In undergrad, I started doing computer graphics and computer vision research. Computer graphics can mean a lot of things, but I’ve been working on making synthetic pictures look photorealistic. Computer vision, at a high level, is how to make a computer interpret pictures and videos the same way people do. This means being able to tell how far away something is automatically, or what the material and object is made out of, or where the light is coming from — things like that. When I went to grad school, I told my advisors this was my area of interest. They were working on an idea they pitched to me, along the lines of “wouldn’t it be cool if you could tweak a picture as if you were in the scene?” This is the initial step towards that goal and we have a long way to go to realize the rest of it.
What kind of projects are you hoping people will use this technology for?
We’ve gotten a bunch of interest, even from places we didn’t expect. The obvious ones are for visual effects. Hollywood already does this kind of thing, but they use the processes I described before, where they go back to the scene and take measurements and insert objects realistically. For more expensive productions, they can go back and do this, but our method might be helpful in certain circumstances. For lower budget films that can’t do this or even legacy footage or pictures, our method could be used.

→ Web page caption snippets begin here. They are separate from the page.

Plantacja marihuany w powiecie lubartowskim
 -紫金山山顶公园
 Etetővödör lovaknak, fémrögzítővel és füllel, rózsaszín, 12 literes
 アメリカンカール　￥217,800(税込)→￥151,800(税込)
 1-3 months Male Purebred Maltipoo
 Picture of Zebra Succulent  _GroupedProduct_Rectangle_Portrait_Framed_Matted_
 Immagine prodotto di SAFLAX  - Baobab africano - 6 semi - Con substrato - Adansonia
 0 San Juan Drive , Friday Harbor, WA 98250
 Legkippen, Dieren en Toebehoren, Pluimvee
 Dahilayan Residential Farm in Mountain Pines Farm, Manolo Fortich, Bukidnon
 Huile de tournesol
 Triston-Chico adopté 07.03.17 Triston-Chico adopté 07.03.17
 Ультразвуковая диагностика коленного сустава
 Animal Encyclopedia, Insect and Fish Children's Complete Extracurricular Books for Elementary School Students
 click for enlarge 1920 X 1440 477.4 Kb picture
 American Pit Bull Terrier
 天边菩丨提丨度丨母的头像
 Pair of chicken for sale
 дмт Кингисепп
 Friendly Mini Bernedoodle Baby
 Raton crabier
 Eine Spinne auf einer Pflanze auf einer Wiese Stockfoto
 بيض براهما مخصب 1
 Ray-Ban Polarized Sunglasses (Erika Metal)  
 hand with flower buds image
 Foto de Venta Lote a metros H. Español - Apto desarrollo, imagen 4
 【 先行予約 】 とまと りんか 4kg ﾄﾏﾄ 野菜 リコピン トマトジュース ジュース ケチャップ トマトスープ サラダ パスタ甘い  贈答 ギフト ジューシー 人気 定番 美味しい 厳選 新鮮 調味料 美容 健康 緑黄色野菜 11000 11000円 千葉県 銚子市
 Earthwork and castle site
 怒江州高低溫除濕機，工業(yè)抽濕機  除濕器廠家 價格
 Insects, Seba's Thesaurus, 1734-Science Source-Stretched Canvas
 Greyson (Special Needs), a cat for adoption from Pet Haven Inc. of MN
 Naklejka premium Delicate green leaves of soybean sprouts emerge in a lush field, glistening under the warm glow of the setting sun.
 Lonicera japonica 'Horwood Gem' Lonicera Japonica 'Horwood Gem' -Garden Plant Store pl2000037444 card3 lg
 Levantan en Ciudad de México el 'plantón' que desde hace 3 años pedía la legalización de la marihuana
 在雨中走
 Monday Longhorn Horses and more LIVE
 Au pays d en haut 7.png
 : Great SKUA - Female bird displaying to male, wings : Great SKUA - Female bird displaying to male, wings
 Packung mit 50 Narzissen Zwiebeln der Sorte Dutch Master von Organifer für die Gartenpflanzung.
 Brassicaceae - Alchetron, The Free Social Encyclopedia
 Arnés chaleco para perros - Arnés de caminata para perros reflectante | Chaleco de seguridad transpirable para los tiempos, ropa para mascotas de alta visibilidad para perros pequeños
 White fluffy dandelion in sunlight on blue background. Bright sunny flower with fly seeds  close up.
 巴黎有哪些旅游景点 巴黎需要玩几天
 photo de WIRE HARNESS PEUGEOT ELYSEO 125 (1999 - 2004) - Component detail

More interestingly, I think things like furniture companies or real estate could get a lot of use out of this, where someone could take a picture of their home or a room in their home, and they could insert realistic models into the picture and have it look as if they had furniture in their room. This would be a good way to redecorate your room quickly and without measuring anything.
Also, for historical documentaries, you might have things you want to insert for educational purposes into old footage.
How can Daily BR!NK readers contribute to your success?
The biggest one would be feedback. We’ll be releasing this demo soon, and hopefully all the readers can play with it. Feedback would be the best way to incorporate what kind of things they envision this could be useful for and what else they want to see from it. This will probably be the focus of my thesis research, and I have another two or three years to keep going in this direction, at least until the end of my PhD. If there are things they’d like to see, maybe we can put some work into that. If there’s a strong consensus for one feature or a certain request, that’ll definitely give it some precedence.